The technology has advanced further, and now scientists can characterize the whole community in environmental samples. Collect a beaker of water, or dig a clump of soil, and it can be analyzed for its detailed genetic composition. The genetic information of that whole environmental sample reveals a complex, interconnected world of bacteria, archaea, fungi, and signs of the passersby from organic material left behind. 

How Machine Learning is Revolutionizing Environmental DNA Analysis

Imagine you have one gram of soil from the farm near your home. After extracting the DNA and sequencing it, you have a dataset that exceeds a million sequences with thousands of species. A scientist would be hard-pressed to interpret the data in a meaningful way. More than that, a single location and a single sample are not sufficient for any ecological study, so multiply the data by hundreds or even thousands to decipher what microbes are present. Ecological studies also need to describe how change occurs across locations and how microbial communities change their environment over time. 

This is where machine learning is set to open a new expanse of knowledge about how our environment functions both naturally and when humans alter it.

The Role of Microbes in Sustainable Agriculture and Ecosystem Health

As a molecular microbial biologist, I study these types of whole samples. In agricultural settings, we can learn a lot about the productivity or health of a farm’s soils over the long term by understanding how nutrients flow through the farming system at the tiniest scales — through the bacteria, archaea, and fungi. 

A cross-section showing cover crop roots growing deeply into the soil.

At Stroud Water Research Center, we study freshwater ecosystems, and the practices that affect those ecosystems, so we pay great attention to agriculture. My research focuses on how microbial communities affect the soil, nutrients in the soil, agricultural productivity, and ultimately the streams and groundwater that leave the farmer’s fields.

The development and advancement of DNA sequencing technology has produced mind-boggling quantities of raw data. Now we are challenged to analyze the data and then interpret it. What does the presence or absence of microbes mean for the soil? For nutrient cycling? For the crop? For the water flowing over and under the field? 

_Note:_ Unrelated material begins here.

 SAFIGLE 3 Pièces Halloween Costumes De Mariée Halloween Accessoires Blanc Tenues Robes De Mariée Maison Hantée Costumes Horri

Jinjun Kan in his laboratory.

Machine learning can assist with data analytics, and that’s where my research, with colleagues from around the world, is contributing. Our first step was to explore analyzing the microbial data with machine learning approaches to overcome the limitations of linear assumptions of change. With data resolution at a finer scale, machine learning can improve our ability to make accurate predictions through the use of random forest algorithms. 

We can examine interactions between individual microbes and groups of microbes as well as interactions between microbes and their environments. We are demonstrating how identifying groups of microbes in the upper soil layers can reliably reveal the impact of various farming practices. 

These are baby steps that demonstrate the potential of machine learning and AI in microbial data analysis that I had the pleasure of sharing with 1,500 of my peers from around the world at the 2024 International Symposium of Microbial Ecology in Cape Town, South Africa.

We learned from each other and explored the boundaries of what we know about the microbes in our world. I enjoyed sharing research ideas, results, and achievements. Being at the forefront of microbial ecology as our understanding grows by leaps and bounds is exciting. 

I’m pleased to be sharing these new approaches. With machine learning, we have a new means of discovering how agriculture can sustainably support food security and protect clean fresh water.